Die kraftlosen Aussagen der EU-Delegation, wonach die
Diskussionen
zwischen Brüssel und Washington weitergehen, konnten über eines nicht hinwegtäuschen: Die USA werden mit Europa weiterhin so umspringen, wie es Washington gerade beliebt. Der Union wiederum bleibt im Verhältnis zu den USA eine Konstante erhalten: die eigene Hilflosigkeit. Nicht zuletzt dank Deutschlands erneutem Verrat an der europäischen Idee - der Gemeinsamkeit.
Natürlich ist die Zwickmühle des deutschen Kanzlers Gerhard Schröder
nachvollziehbar. Der Wachstumseinbruch, der marode Osten als Klotz am Bein, der Druck der Industrie, die Wahlen, die gegen einen Gegner zu schlagen sind, der Europaskepsis und die Verteidigung nationaler Interessen schon immer zu seinem Standardrepertoire zählte. Aber auch Frankreich unterwandert lieber die europäische Politik, als sich daheim etwa militanten Bauernprotesten auszusetzen.
Es wäre also verwegen, von einem Europa zu phantasieren, das
nicht
von nationalen Interessen getrieben wird. Was Berlins neuen Stil jedoch so unerträglich macht, ist die Kurzsichtigkeit gerade eines so bedeutenden Mitgliedsstaates, der die EU maßgeblich geformt hat. Auch Deutschland wird die Solidarität seiner EU-Partner einmal brauchen.
Schröders jüngstes innereuropäische Gegengeschäft ermöglicht ebenso
nur Aufschub und bietet keine Lösung: Für die deutsche Zustimmung zu Steuererleichterungen für Frächter in Frankreich, Italien und den Niederlanden kann Berlin nun auf die Verlängerung der Milliardenförderungen für die eigene Kohleindustrie setzen - diese wären sonst knapp vor der Bundestagswahl ausgelaufen. Staatsbeihilfen taugen nur als kurzfristiges Aufputschmittel. Die Wirkung der Droge kennt auch Schröder.

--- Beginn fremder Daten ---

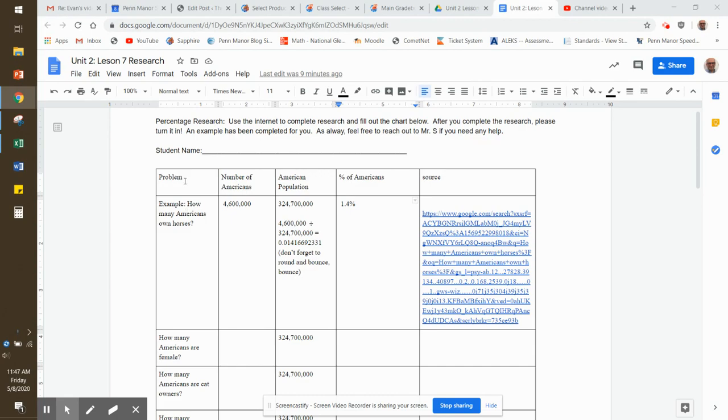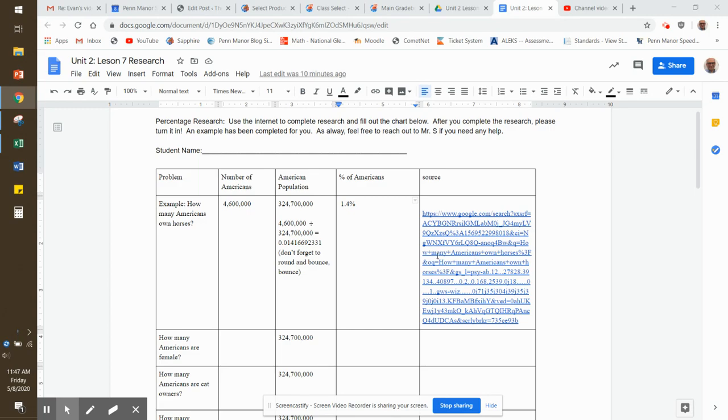On our chart, there are a number of problems here that I'd like you to take a look at. For example, how many Americans own horses? This is what you're going to need to do: go online and research how many Americans own horses. So what I did, I put over here as my source, I found this Google site, just copy and pasted the URL as my source. And it told me that 4,600,000 Americans own horses, which seems like a lot of people.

Der deutsche Kanzler wird sich entscheiden müssen. Will Deutschland weiterhin Motor der europäischen Einigungsidee bleiben, womit sein Vorgänger, Helmut Kohl, trotz Spendenskandal als europäischer Staatsmann in die Geschichte eingehen wird? Oder will Deutschland nur noch bremsen? Was will Schröder - außer die deutsche Autoindustrie vor der EU-Wettbewerbspolitik schützen? Bleibt er bei dieser Haltung, läuft er Gefahr, als Autokanzler und damit zwangsläufig als Auslaufmodell in die Geschichte einzugehen. Deutschland hat seit der Gründung der Montanunion, der Keimzelle der
EU, die Integration vorangetrieben. Zum ersten Mal unter Schröder steht es beim europäischen Projekt nun auf der Bremse. Nur darum, weil Schröder wieder Kanzler werden will? Die deutsche Tradition, entweder für etwas oder dagegen zu sein, ist gebrochen. Bei allem Verständnis dafür, daß Berlin die Rolle des Zahlmeisters satt hat, und mit neuem Selbstbewußtsein auch endlich Forderungen stellen will: 1998 war es die Triebfeder Schröders, unbedingt ins Kanzleramt hineinzukommen.
Jetzt lautet seine Devise: "Ich will da nicht mehr raus". Ein spärliches Programm für den Kanzler des größten und mächtigsten EU-Landes.